| MATERIAL SHOWN |

- Opening Delimiter -

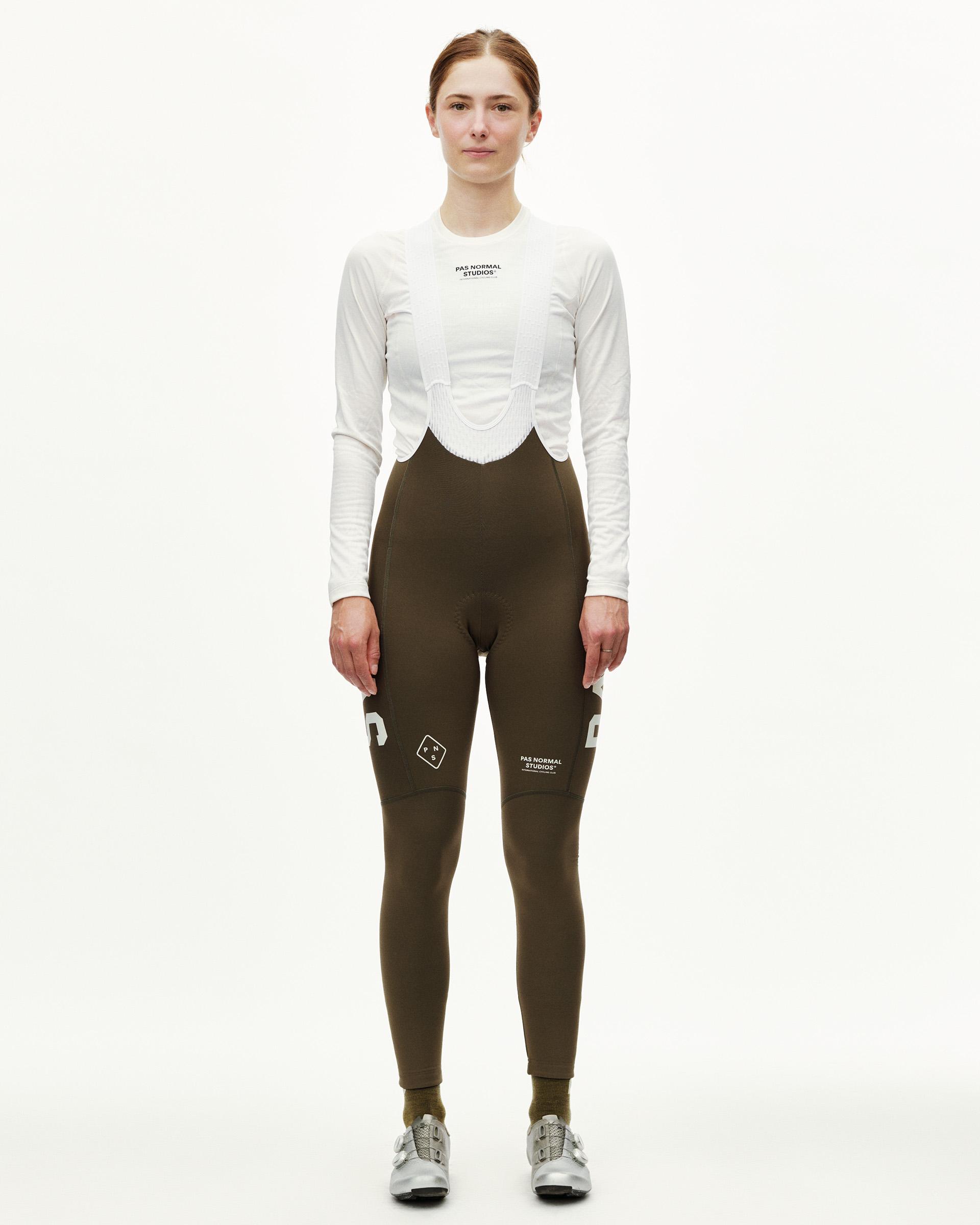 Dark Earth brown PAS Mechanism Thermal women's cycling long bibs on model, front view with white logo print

- Closing Delimiter -
- Opening Delimiter -

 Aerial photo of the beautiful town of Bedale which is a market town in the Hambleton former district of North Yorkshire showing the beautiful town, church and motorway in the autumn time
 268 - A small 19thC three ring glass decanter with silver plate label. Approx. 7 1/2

- Closing Delimiter -
- Opening Delimiter -

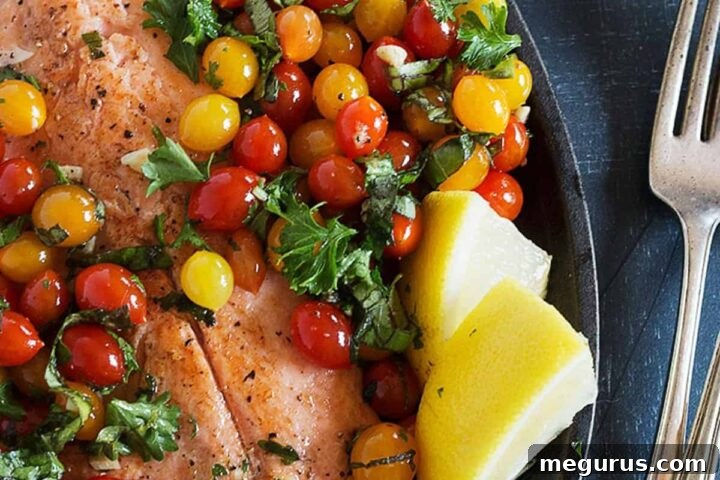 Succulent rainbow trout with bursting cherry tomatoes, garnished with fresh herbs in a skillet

- Closing Delimiter -

| PROBLEM DESCRIPTION |
Copy the lines above exactly, beginning at the line that has "Aerial photo of" and stopping after the line that has "268 - A small", and omit the rest.

| REPLY |
 Aerial photo of the beautiful town of Bedale which is a market town in the Hambleton former district of North Yorkshire showing the beautiful town, church and motorway in the autumn time
 268 - A small 19thC three ring glass decanter with silver plate label. Approx. 7 1/2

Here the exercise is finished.